* **EXERCISE DIRECTIONS**: Word for word, copy the data that follows and skip its pictures.

[[ INPUT FOR THIS TASK open ]]

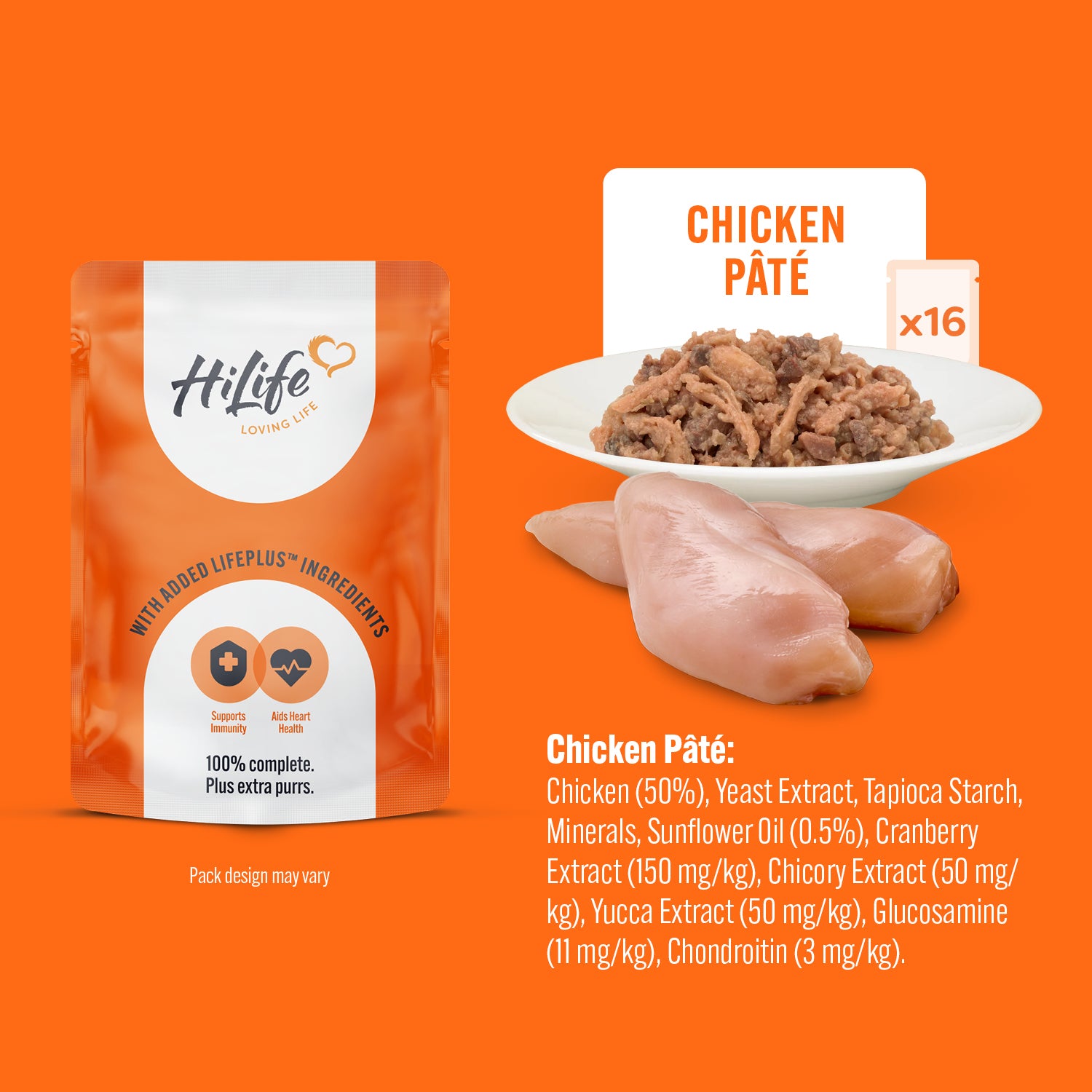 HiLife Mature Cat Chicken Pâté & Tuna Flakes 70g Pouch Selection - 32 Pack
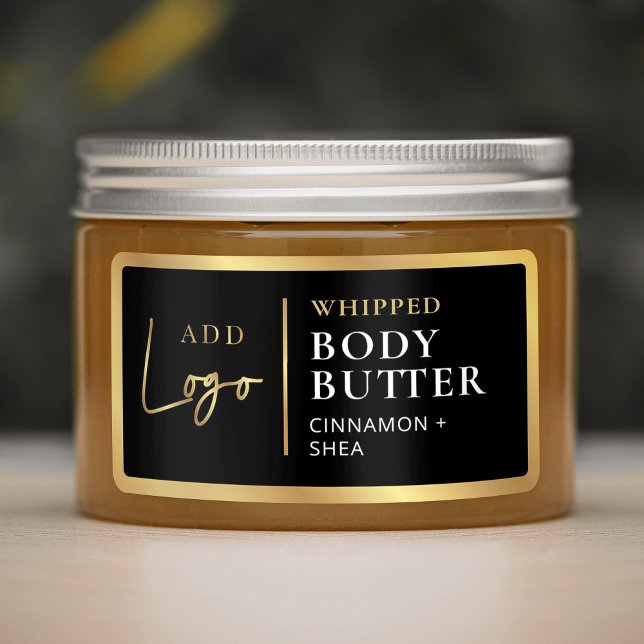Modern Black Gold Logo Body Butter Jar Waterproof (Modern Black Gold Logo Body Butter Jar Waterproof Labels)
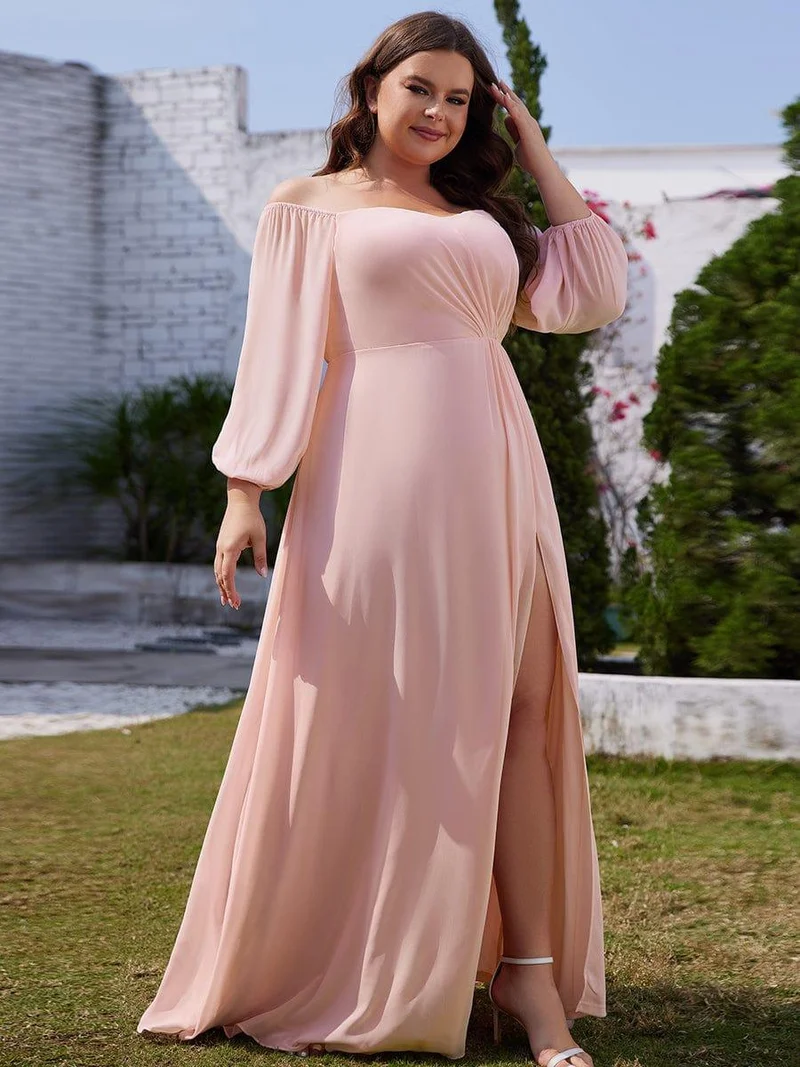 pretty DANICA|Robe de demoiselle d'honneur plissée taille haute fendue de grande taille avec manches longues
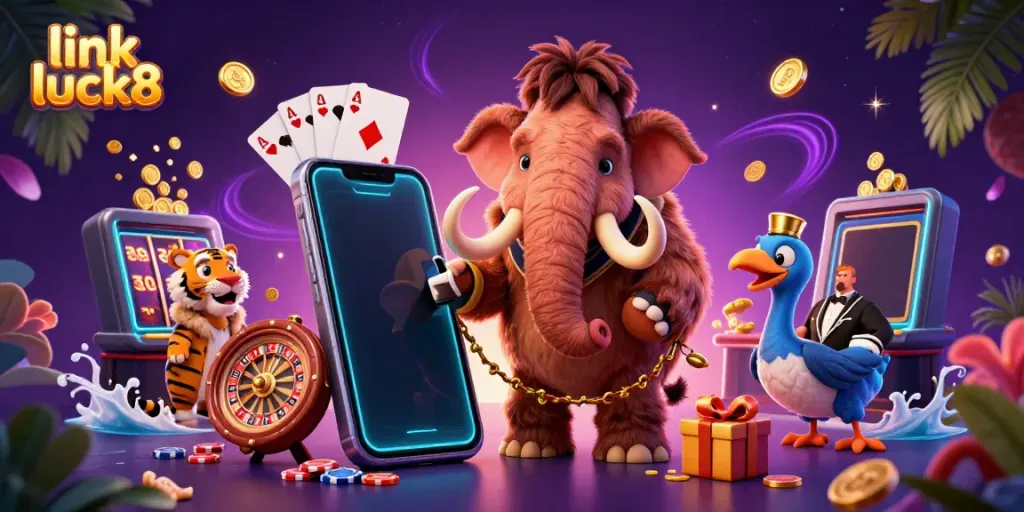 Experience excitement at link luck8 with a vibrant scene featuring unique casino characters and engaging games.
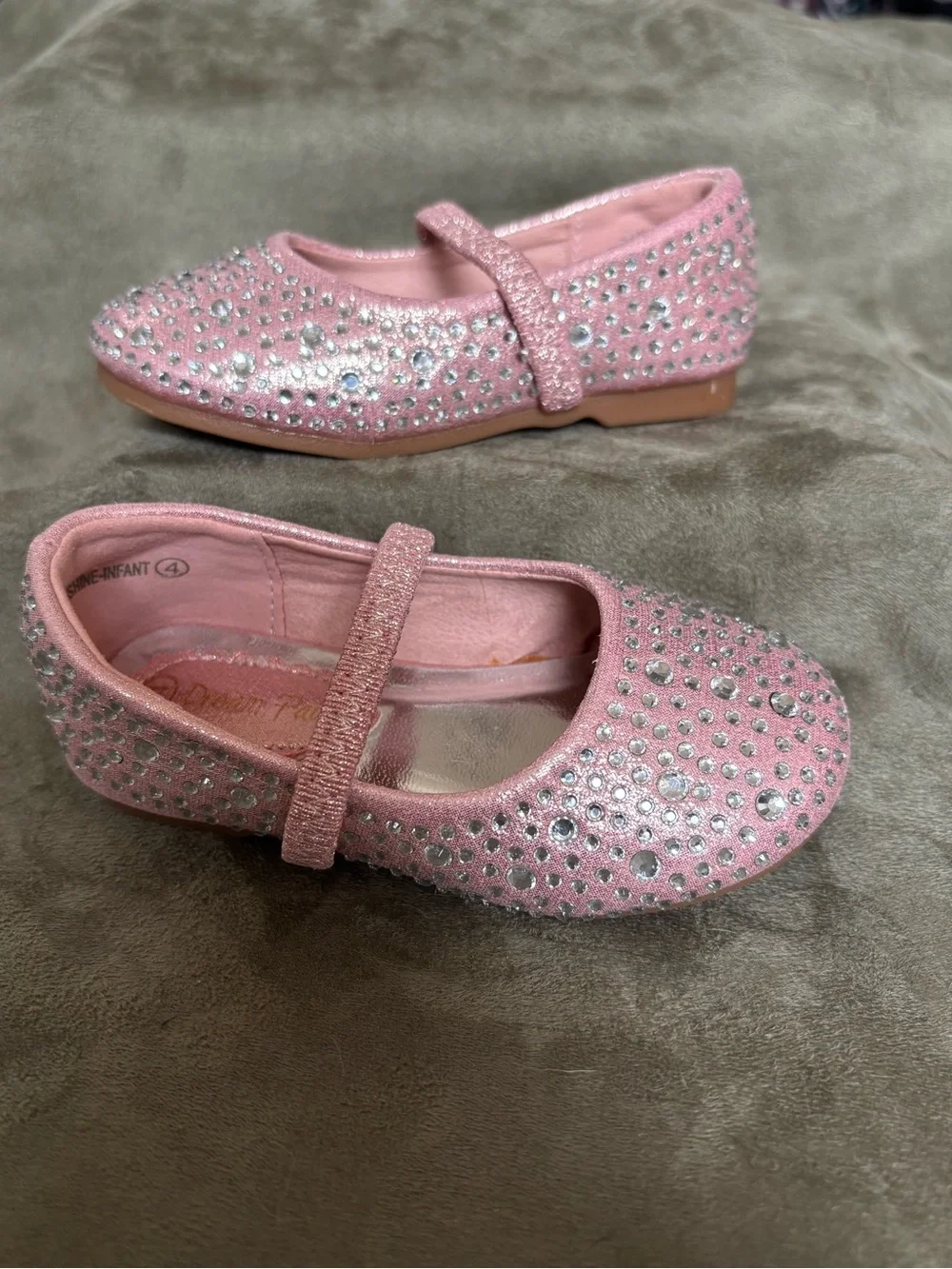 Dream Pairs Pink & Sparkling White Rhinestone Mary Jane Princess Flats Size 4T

[[ INPUT FOR THIS TASK closed ]]

* **ANSWER FOR THE TASK**:
 HiLife Mature Cat Chicken Pâté & Tuna Flakes 70g Pouch Selection - 32 Pack
Modern Black Gold Logo Body Butter Jar Waterproof (Modern Black Gold Logo Body Butter Jar Waterproof Labels)
 pretty DANICA|Robe de demoiselle d'honneur plissée taille haute fendue de grande taille avec manches longues
 Experience excitement at link luck8 with a vibrant scene featuring unique casino characters and engaging games.
 Dream Pairs Pink & Sparkling White Rhinestone Mary Jane Princess Flats Size 4T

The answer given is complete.